Let's look at the real mistakes students make when comparing data across charts, bar graphs, and line graphs.

Error 1: Reversing the Direction of Change

You read the time period and accidentally describe the trend backwards. You say something "increased significantly" when it actually decreased. This is an immediate factual error, and the examiner will catch it.

Weak: "Coffee sales rose from 2015 to 2020, climbing from 45 million to 32 million units."

Wait. 45 to 32 is a drop, not a climb. The writer said "rose" but the numbers show a fall. One sentence. One major error.

Good: "Coffee sales declined from 2015 to 2020, falling from 45 million to 32 million units."

Now the verb matches the data. Direction confirmed. No contradiction.

Error 2: Confusing Which Category Has the Higher Value

You compare two bars, two regions, or two time periods and get the winner backwards. This happens when you're working fast and don't verify your claim against the chart.
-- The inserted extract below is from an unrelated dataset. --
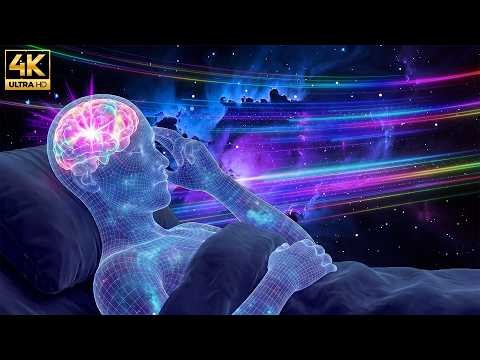 432Hz + 963Hz + 528Hz | The Deepest Healing Sleep: Whole Body Regeneration, Remove Insomnia #11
Weak: "The UK experienced higher unemployment than France, with rates of 4.2% and 5.8% respectively."

No. 4.2 is lower than 5.8. France had higher unemployment. The writer mixed it up.

Good: "France experienced higher unemployment than the UK, with rates of 5.8% and 4.2% respectively."
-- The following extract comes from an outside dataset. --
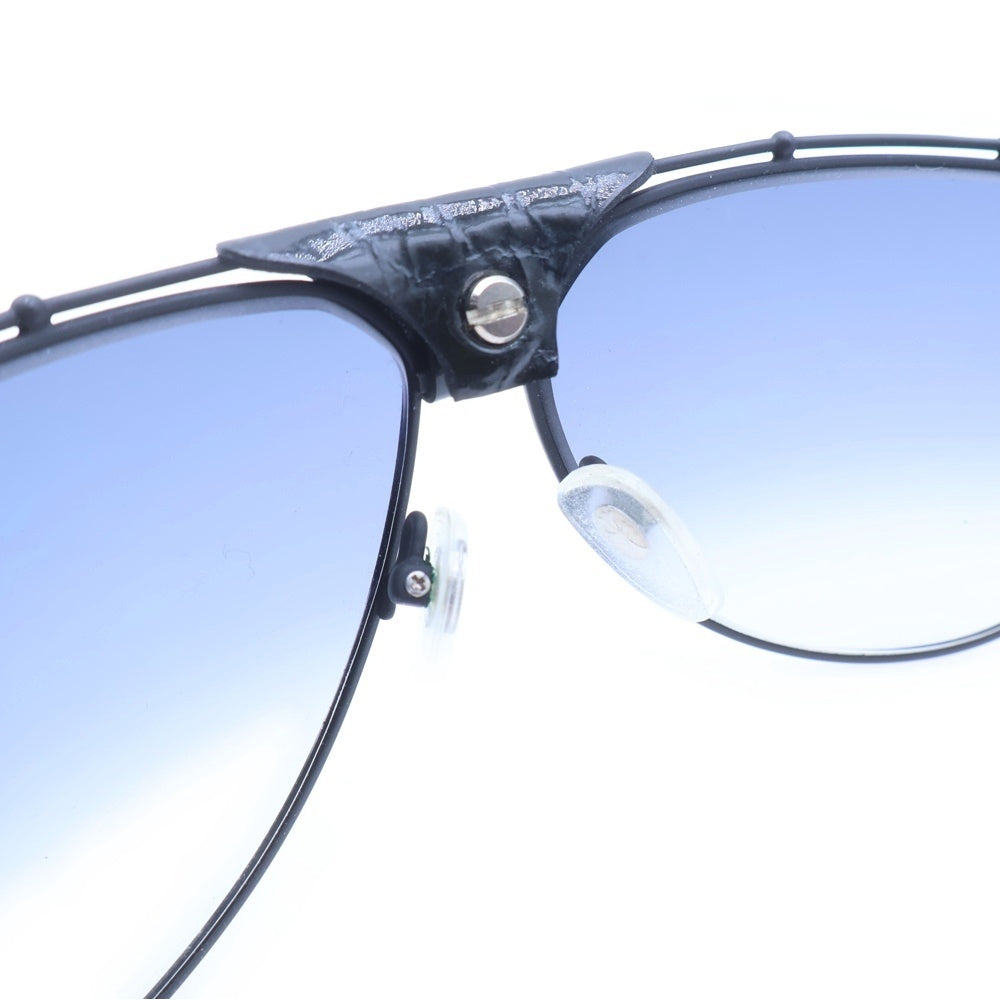 CHROME HEARTS(クロムハーツ) KUFANNAW 2 ダブルブリッジ サングラス ブラック/シルバー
Correct now. The data and the comparison line up.

Error 3: Inventing Numbers or Percentages Not Shown

You don't have exact figures from the chart, so you guess. You estimate wrong. Or you cite a number that isn't actually there.

Weak: "India's population grew by approximately 150 million between 2010 and 2020."

If the chart shows India at 1.2 billion in 2010 and 1.37 billion in 2020, the growth is 170 million, not 150 million. You pulled a number out of thin air.

Good: "India's population grew from 1.2 billion to 1.37 billion between 2010 and 2020, representing an increase of approximately 170 million."

Now you've given specific, accurate figures. No guessing. The examiner can verify every number you mention.

How to Double-Check Accurate Data in Your Writing

You've got 20 minutes for Task 1. Spend the last 90 seconds on accuracy checks, not grammar fixes.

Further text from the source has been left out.